##### PROVIDED MATERIAL #####

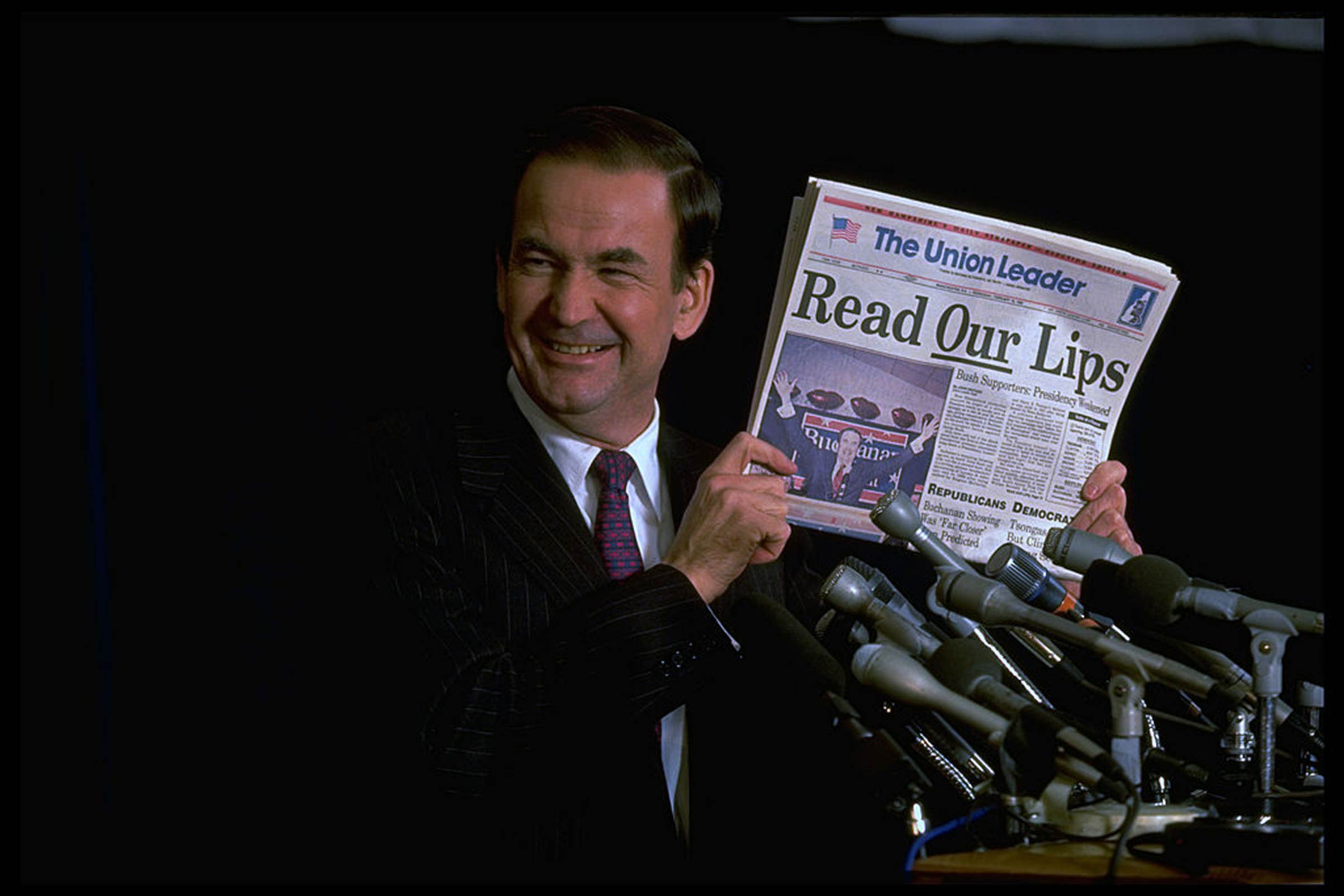 Conservative Republican presidential hopeful Pat Buchanan displaying The New Hampshire <i>Union Leader</i> headlining his triumph and threat to frontrunner and incumbent President George H.W. Bush on Feb. 1, 1992. (Steve Liss/The LIFE Images Collection—Getty Images)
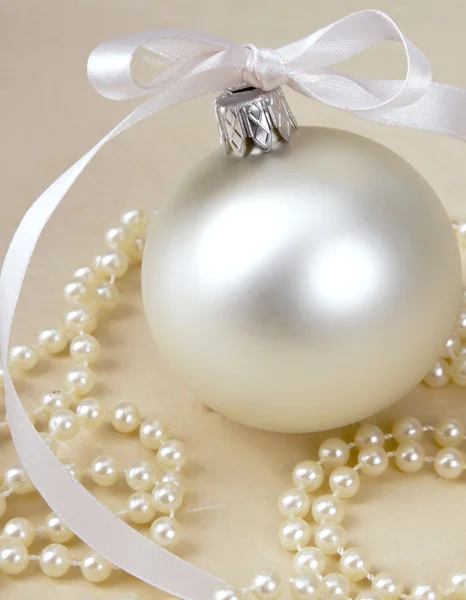 Christmas ball and beads. — Stock Photo, Image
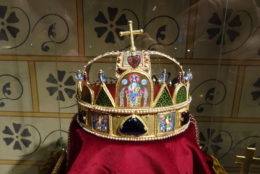 crown on display over red clothe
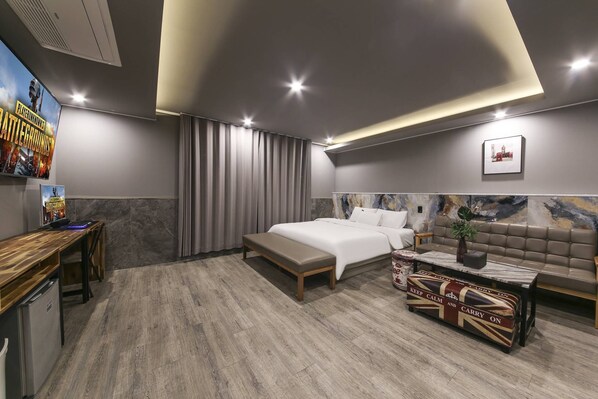 Una habitación de hotel moderna con una cama grande, un escritorio y un sofá.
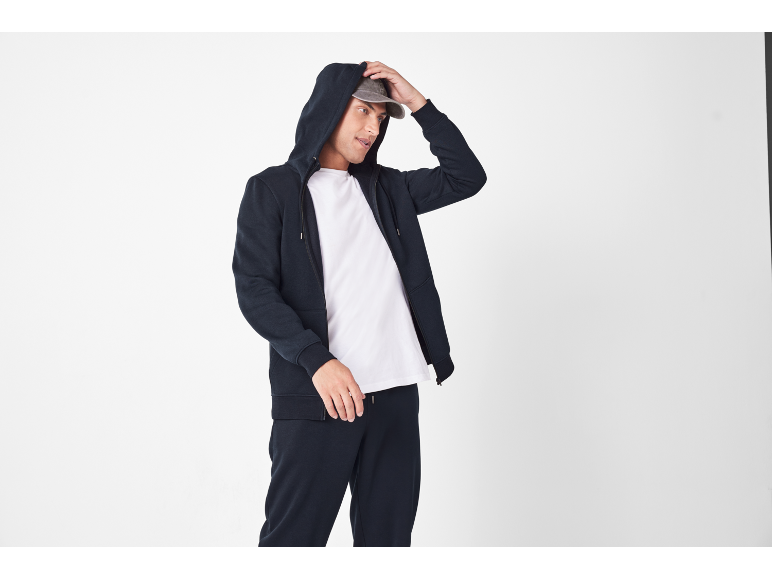 Uomo con felpa con cappuccio, maglietta bianca e pantaloni della tuta blu
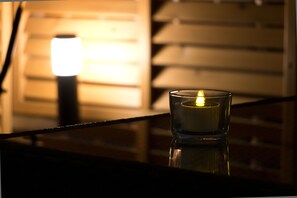 A candle in a glass holder on a reflective surface, with a bright light source in the background. - Mini Hotel Shinjuku Front 101 (Tokyo)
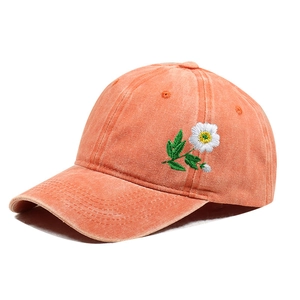 Detail of white daisy embroidery on vintage washed orange cotton baseball cap
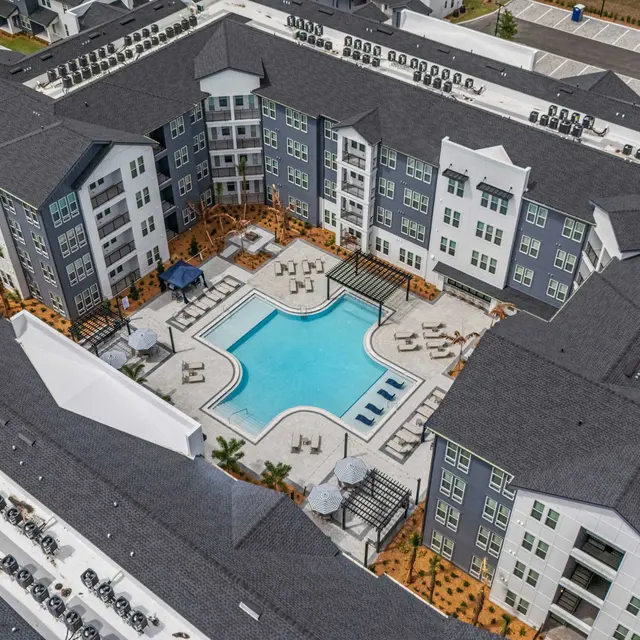 Modern Apartment Complex with Pool Aerial view of a modern apartment complex featuring multiple buildings surrounding a central swimming pool and lounge area.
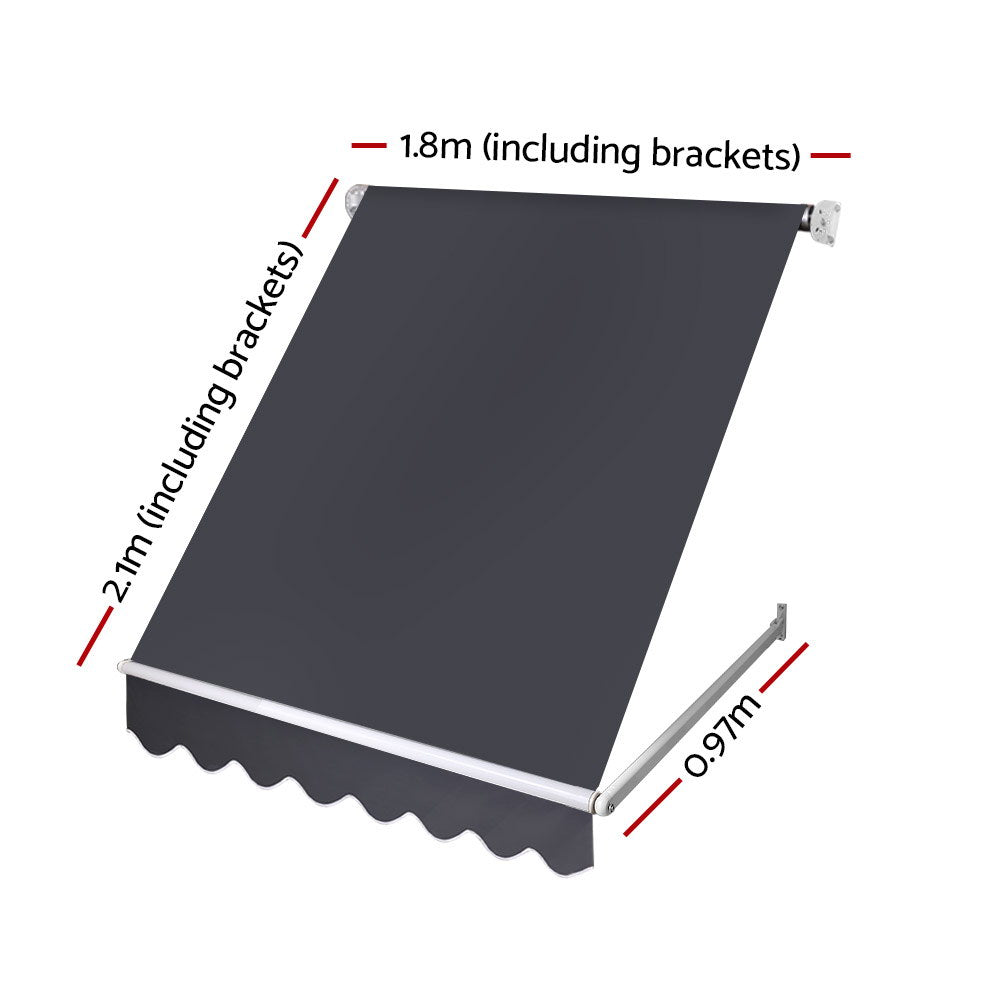 Outdoor window awning with dark gray canopy fabric, white frame, and scalloped valance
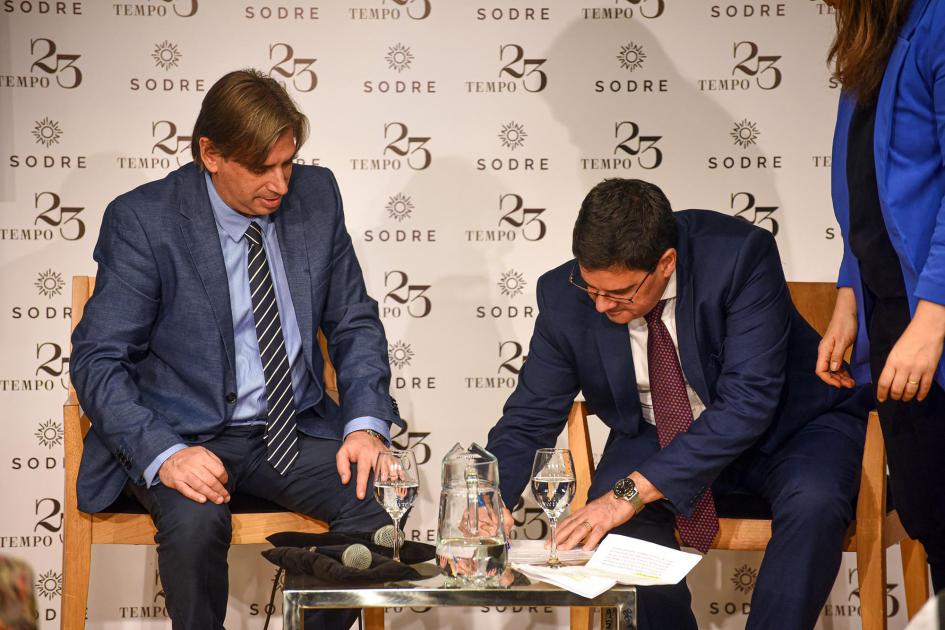 Firma del convenio Cantero firma en una mesa baja; junto a él está Delgado; a su izquierda, se ve una mujer (fragmento)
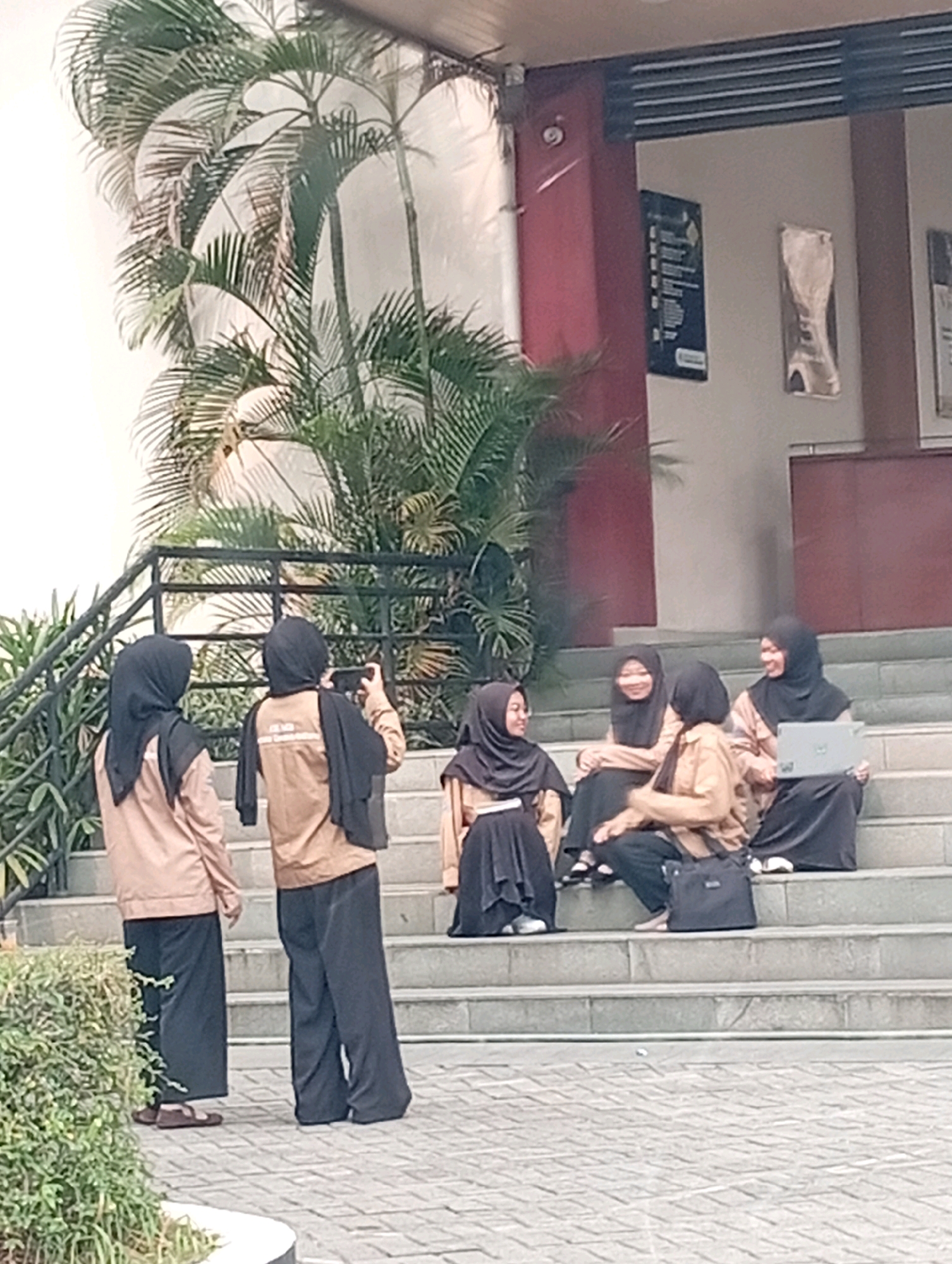 The image depicts a group of five young women, all wearing hijabs and casual attire, some with jackets, gathered on outdoor stairs in front of a building with red accents. The women are positioned in various ways: two are standing, one is taking a picture with a phone, another is holding a camera, and three are seated on the steps. One of the seated women is using a laptop. The environment includes lush green plants, including palm trees, and a paved walkway. The architectural style suggests a modern building, possibly part of an educational institution or public space. The lighting indicates daytime. The scene appears to be set in a relaxed, social atmosphere. The location is identified as Kelapa Dua, Indonesia.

#####

## TASK REQUIREMENTS
Exactly as given, transcribe every line of the data, but not its images.

## RESPONSE TO THIS EXERCISE
 Conservative Republican presidential hopeful Pat Buchanan displaying The New Hampshire <i>Union Leader</i> headlining his triumph and threat to frontrunner and incumbent President George H.W. Bush on Feb. 1, 1992. (Steve Liss/The LIFE Images Collection—Getty Images)
 Christmas ball and beads. — Stock Photo, Image
 crown on display over red clothe
 Una habitación de hotel moderna con una cama grande, un escritorio y un sofá.
 Uomo con felpa con cappuccio, maglietta bianca e pantaloni della tuta blu
 A candle in a glass holder on a reflective surface, with a bright light source in the background. - Mini Hotel Shinjuku Front 101 (Tokyo)
 Detail of white daisy embroidery on vintage washed orange cotton baseball cap
 Modern Apartment Complex with Pool Aerial view of a modern apartment complex featuring multiple buildings surrounding a central swimming pool and lounge area.
 Outdoor window awning with dark gray canopy fabric, white frame, and scalloped valance
 Firma del convenio Cantero firma en una mesa baja; junto a él está Delgado; a su izquierda, se ve una mujer (fragmento)
 The image depicts a group of five young women, all wearing hijabs and casual attire, some with jackets, gathered on outdoor stairs in front of a building with red accents. The women are positioned in various ways: two are standing, one is taking a picture with a phone, another is holding a camera, and three are seated on the steps. One of the seated women is using a laptop. The environment includes lush green plants, including palm trees, and a paved walkway. The architectural style suggests a modern building, possibly part of an educational institution or public space. The lighting indicates daytime. The scene appears to be set in a relaxed, social atmosphere. The location is identified as Kelapa Dua, Indonesia.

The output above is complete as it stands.